Sanders insists that he is not an atheist. Clearly, DNC officials were considering this strategy with malice aforethought since they know that Americans are least likely to vote for an atheist politician. This divisive strategem has outraged the nice secular folks over at the Center for Inquiry. And well it should since a recent Pew poll shows that 70 percent of atheists vote Democratic. From the Center's press release:
We found it appalling that anyone within the Democratic National Committee would casually suggest attacking a candidate for their alleged atheism. Entertaining such a cynical and bigoted line of attack violates any number of basic American principles: It presumes a religious test for holding office, something expressly prohibited in the Constitution. It pits the majority against a marginalized minority group, intensifying the country's already escalating divisions. It exacerbates the gross stereotype of atheists as second-class citizens or somehow less moral than believers, a stereotype atheists have been tirelessly battling for generations.
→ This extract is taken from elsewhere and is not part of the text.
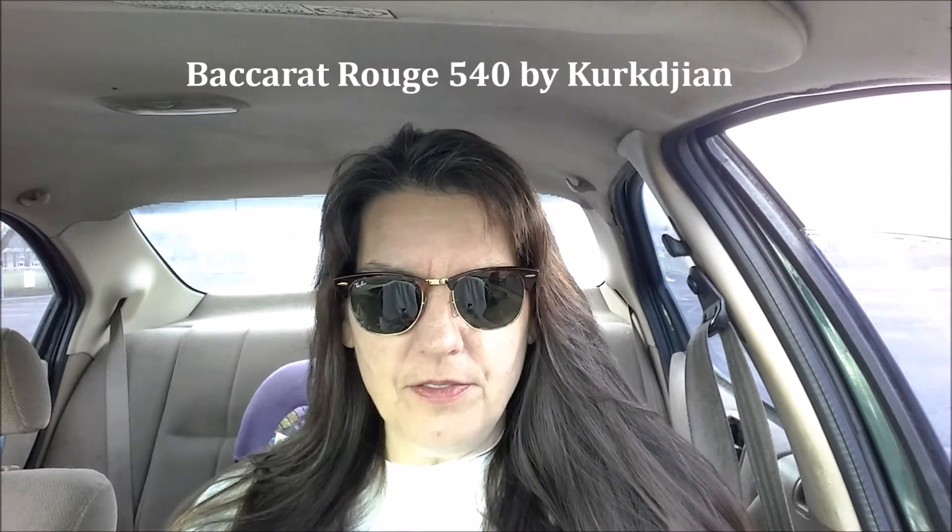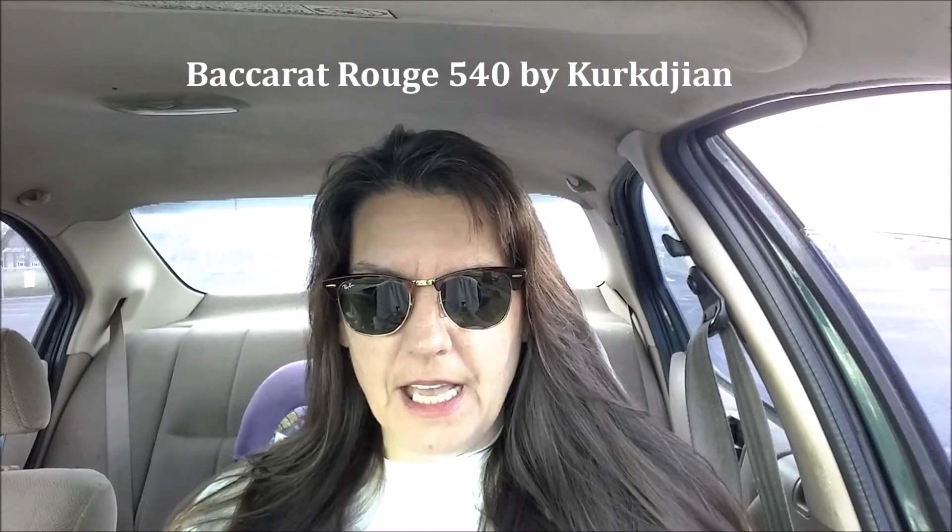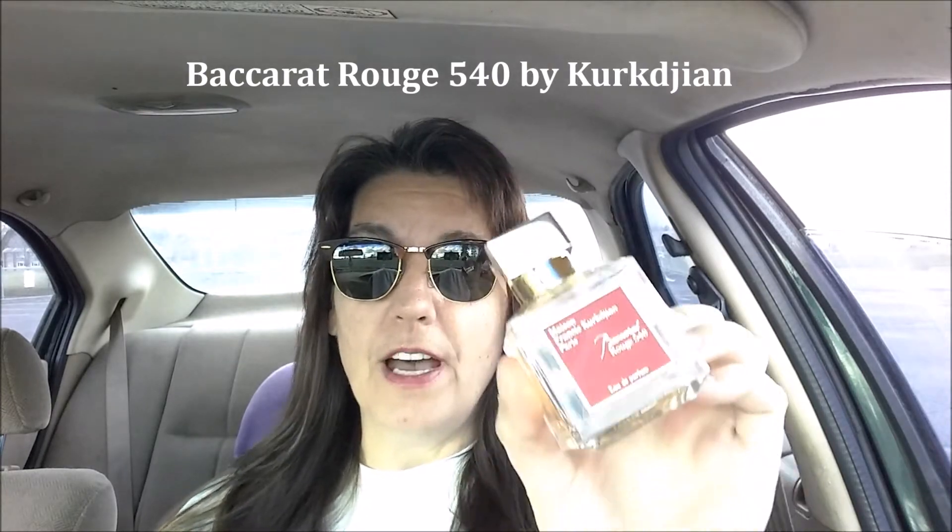Hey everybody, this is Megan Moody Boo and I'm back with a perfume review. I'm going to be doing multiple perfume reviews, several perfumes in one video, but today I just had time to do one so I thought I'd knock a quick one out. I am so in love with this perfume. This is by Maison Francis Kurkdjian and this is Baccarat Rouge 540.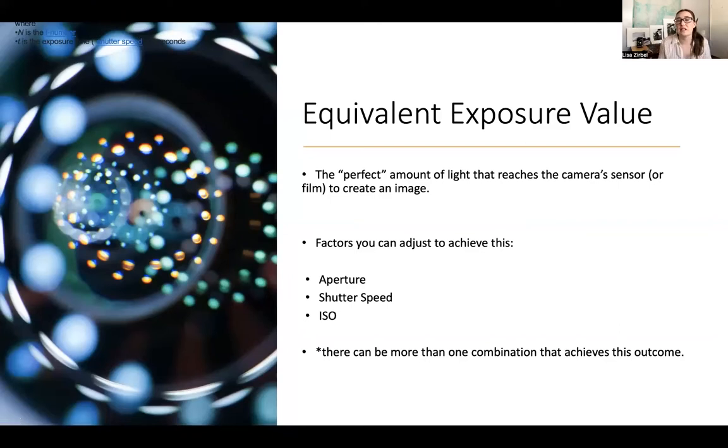Light meters are calculating something called equivalent exposure. What the camera is doing is calculating for a perfect 18% gray. This is a gray card, used in photography to help the camera calculate that. Sometimes the camera calculates wrong — 18% gray is not perfect for all situations. But the camera says: here is this entire set of lights and darks in front of me, I will calculate so that the average is 18%, which gives a good likelihood that everything will be visible with clear lights and darks.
Perhaps most importantly, it sends the unmistakable signal to atheist Americans that despite all of our hard-won progress for equal treatment, atheists are still not welcome, not "one of us," not American. …
Baz777/Dreamstime
Need we even point out that had the suggestion been made to attack a candidate for being Jewish, Mormon, or of any other minority faith, the resulting scandal would have been an all-consuming conflagration? Mr. Marshall has reportedly apologized for embarrassing the DNC, but there has been no apology, no admission of wrongdoing, to the people he sought to defame. We believe he should resign his position with the DNC. The Democratic National Committee must make immediately clear that it finds Marshall's line of thinking unacceptable, and that it will not countenance party operatives proffering attack strategies based on this kind of anti-atheist bigotry. It would do well for the Clinton campaign to do the same. Atheists, humanists, "nones," and all others who have rejected traditional religious belief will no longer be silent when institutions of power attempt to reinforce pernicious stereotypes about the nonreligious. We matter, we have a powerful voice — and a vote — and we will use it.
If they want to avoid religious bigotry political triangulation, I would like to suggest to my fellow atheists that they consider voting for Libertarian presidential candidates Gary Johnson and Bill Weld. An admittedly unscientific poll in 2015 reported that 39 percent of libertarians identified as religious "nones" which includes atheists and agnostics.
Disclosure: The Center for Inquiry paid my travel expenses to attend and participate in a panel discussion at their 2012 "Moving Secularism Forward" conference. For details, see my article, "Among the Nonbelievers."